BioMap's Three Groundbreaking Research Studies Presented at the 2023 AACR Annual Meeting

The 2023 AACR Annual Meeting featured there BioMap selectable breakthroughs, encompassing an innovative protein structure prediction model, target discovery, and high-throughput automation in protein expression/characterization. Notably, this marks BioMap's initial appearance at the prestigious AACR. 

BioMap's contributions at AACR include the following key studies.

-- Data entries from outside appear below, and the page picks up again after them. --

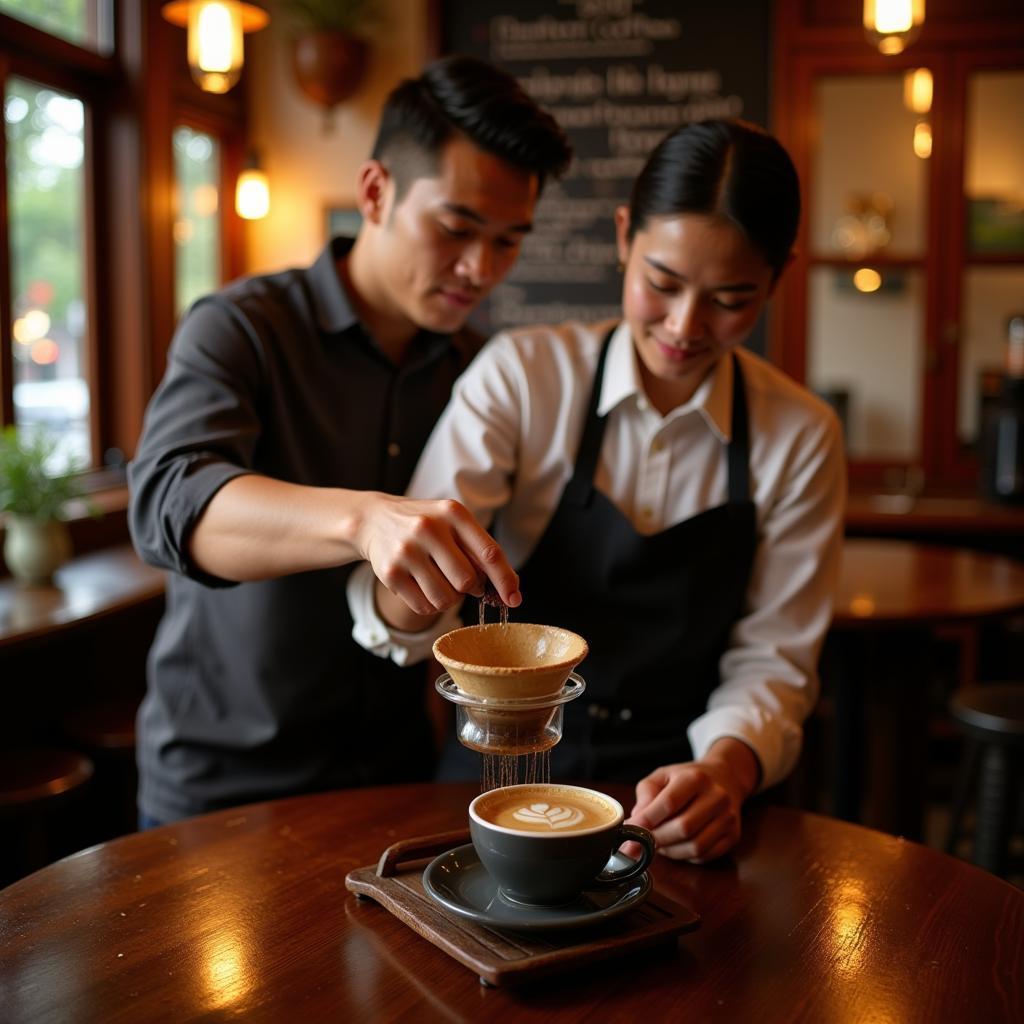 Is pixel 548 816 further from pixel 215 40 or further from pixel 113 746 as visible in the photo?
pixel 215 40

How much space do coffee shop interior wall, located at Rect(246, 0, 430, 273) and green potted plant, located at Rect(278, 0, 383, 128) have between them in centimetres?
8

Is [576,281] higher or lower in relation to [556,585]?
higher

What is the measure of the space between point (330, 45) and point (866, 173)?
2.27 metres

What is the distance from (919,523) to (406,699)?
2.93 m

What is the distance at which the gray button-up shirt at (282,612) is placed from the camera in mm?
1946

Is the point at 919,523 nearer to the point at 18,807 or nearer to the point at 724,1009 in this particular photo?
the point at 18,807

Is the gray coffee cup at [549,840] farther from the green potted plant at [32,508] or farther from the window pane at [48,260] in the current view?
the window pane at [48,260]

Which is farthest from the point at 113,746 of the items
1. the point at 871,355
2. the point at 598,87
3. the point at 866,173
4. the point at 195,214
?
the point at 866,173

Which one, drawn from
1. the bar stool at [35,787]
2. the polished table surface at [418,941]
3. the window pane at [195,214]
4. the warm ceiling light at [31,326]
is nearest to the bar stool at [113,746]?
the bar stool at [35,787]

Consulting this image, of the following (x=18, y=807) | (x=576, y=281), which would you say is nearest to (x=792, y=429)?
(x=18, y=807)

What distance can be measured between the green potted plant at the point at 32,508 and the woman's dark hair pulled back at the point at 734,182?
1.95 meters

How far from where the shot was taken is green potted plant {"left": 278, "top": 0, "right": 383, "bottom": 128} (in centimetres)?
497

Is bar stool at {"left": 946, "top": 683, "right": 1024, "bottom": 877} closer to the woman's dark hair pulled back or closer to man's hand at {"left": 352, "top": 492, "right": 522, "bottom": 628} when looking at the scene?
the woman's dark hair pulled back

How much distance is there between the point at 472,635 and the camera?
1318mm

Title: xTrimoABFold++: Fast De Novo Antibody Structure Prediction with Atomic Accuracy

Authors: Yining Wang, Shaochuan Li, Bing Yang, Yi Wu Sun, Yangang Wang, Hui Li*, Le Song*

Summary: A superior antibody structure prediction method, xTrimoABFold++, achieves atomic level precision, boosts prediction accuracy by 30% over AlphaFold2, and notably increases CDR-H3 prediction accuracy by 38%. Moreover, xTrimoABFold++'s speed surpasses AlphaFold2 by 540 times, enabling atomic precision predictions within 3 seconds.

Title: CRISPR/Cas9 Screening Identified Novel Membrane Targets Sensitizing Hepatocellular Carcinoma Cells to Natural Killer Cell-Mediated Cytotoxicity

Authors: Shuo Li, Lin Han, Siyao Zhang, Guangfeng Geng, Lei Huo, Dawei Huang, Zhaoren He, Shuoran Li, Zhaoshi Jiang, James X. Rong

Summary: Employing CRISPR/Cas9 screening technology, researchers unveiled novel genes regulating NK cell functionality within liver cancer cells. Suppressing inhibitory genes notably heightens the liver tumor's susceptibility to NK cell mediated cytotoxity. The lack of understanding regarding NK functioning mechanisms necessitates this exploration. Furthermore, the study vertically connects gene modifications with the associated phenotypical manifestations via high throughput assessment. Not only does it unearth novel immune regulatory targets but it can also furnish valuable data for computational biology, facilitating enhanced and precise target prediction.

Title: Accelerating the Drug Discovery Process with an Automated High-Throughput Protein Production and Characterization Platform for AI-Driven Antibody Development of Immunotherapy

Authors: Zhehao Xiong; Wei Jiang; Lijun Xia; Jianhua Huang; Wangyue Jia; Qirong Yang; Zhizhuo Zhang; Cheng-Chi Chao

Summary: An internationally advanced synthetic platform has been crafted for high-volume automated protein creation and evaluation, enabling accelerated AI-driven medicine protein design. The platform executes an entire cycle, spanning gene assembly and protein sample scrutiny within fourteen days at a monthly capacity of 2,000 proteins. Utilizing an in-house developed high-expressing mammalian cell transient transfection process, average antibody yields attain 300 milligrams per litre. Further propelling the looped method and upgrading of AI algorithm offerings, researchers introduced an intensively interconnected management systemfor experimental records, offering digital aids for sample tracking, tailored experiment protocols, instrument automation, data transmission, parameter and indicator monitoring, and information storage.